Correa has similarly managed to put his injury woes behind him over the past couple of seasons, and he managed 26 HR and 196 combined R+RBI as a result. That doesn't seem like the ceiling for a 27-year-old who had 21 homers in 75 games in 2019. His price will rise whenever he signs somewhere, and it should.

Witt's price is probably about right, bordering on a bit too high. He's arguably the top prospect in baseball and has a real chance to be on the Opening Day roster for the Royals, with a skill set that could be incredibly valuable for Fantasy. He hit 33 homers and stole 29 bases while hitting .290 last season, and his ultimate upside rests inside the first round of Fantasy drafts. Of course, he's also a 22-year-old with a limited track record in the minors, which means he's not a sure thing yet. He's worth taking the flier on at this price, especially if you're looking for some SB upside at something less than a premium. 

Tier 7

This is some of the excellent depth at the position. Cronenworth is seemingly eligible everywhere, and while he's not a Fantasy standout at any one position, that versatility has value. You can say something similar about Taylor, whose stolen bases also make him a fine piece for a CI or MI spot especially. And Swanson … well, he's settled in as a jack of all trades, master of none type who will help in all five categories without being a standout anywhere. 

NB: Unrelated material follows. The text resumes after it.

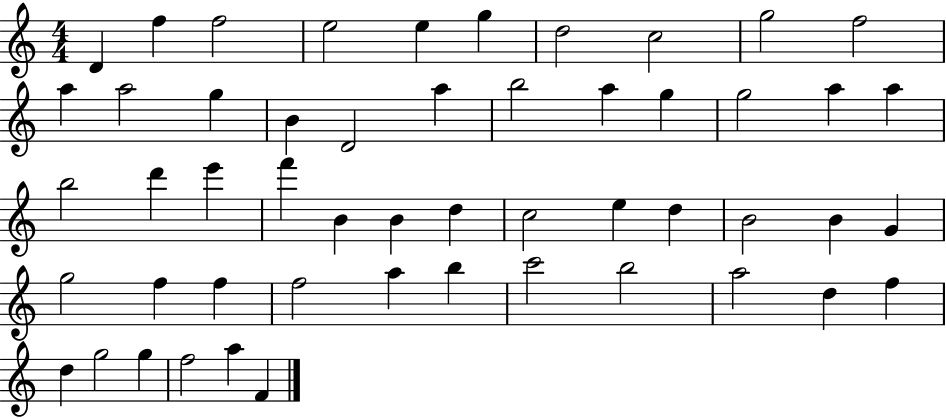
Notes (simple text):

D4/q F5/q F5/h E5/h E5/q G5/q D5/h C5/h G5/h F5/h A5/q A5/h G5/q B4/q D4/h A5/q B5/h A5/q G5/q G5/h A5/q A5/q B5/h D6/q E6/q F6/q B4/q B4/q D5/q C5/h E5/q D5/q B4/h B4/q G4/q G5/h F5/q F5/q F5/h A5/q B5/q C6/h B5/h A5/h D5/q F5/q D5/q G5/h G5/q F5/h A5/q F4/q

But Adames is my favorite of the group. In retrospect, it seems pretty clear that Tropicana Field was holding him back in his time with the Rays, and he looked like a real difference maker following his trade to the Blue Jays. He hit .285/.366/.521 with a 33-home, 95-RBI, 100-R, 7-SB pace in his final 99 games. I'm buying in, and he's the last player I feel good about if I end up with him as my starting SS.

Tier 7

Rosario is someone I find myself somewhat interested in – he's shown flashes of being a better hitter recently and the stolen bases are nice. I just wish he was closer to 200th overall than 150. All in all, this is a fine tier for MI or bench options, though I prefer to take these guys when they slide rather than reaching for them at price. One exception is Urias, who showed some real gains as a power hitter in the second half last season, as he focused more on hitting the ball in the air to the pull side. With his contact skills, that could make him a sneaky-good option, and I don't see a significant difference in skill set between him and Jonathan India

Tier 9 

I'll just single out the guys I like in this tier: Cruz, who I added to my most recent breakouts column and who is starting to remind me a lot of Aaron Judge as a rookie – that's not an entirely unreasonable comp; Crawford, whose bounceback started in 2020 before he cemented it in 2021. Everyone else in this tier feels like an afterthought for me, or someone you're only targeting for a specific need late in drafts; cheap power, in the case of Suarez, average with Lopez or Urshela, or cheap speed from Rojas, Jimenez or Villar.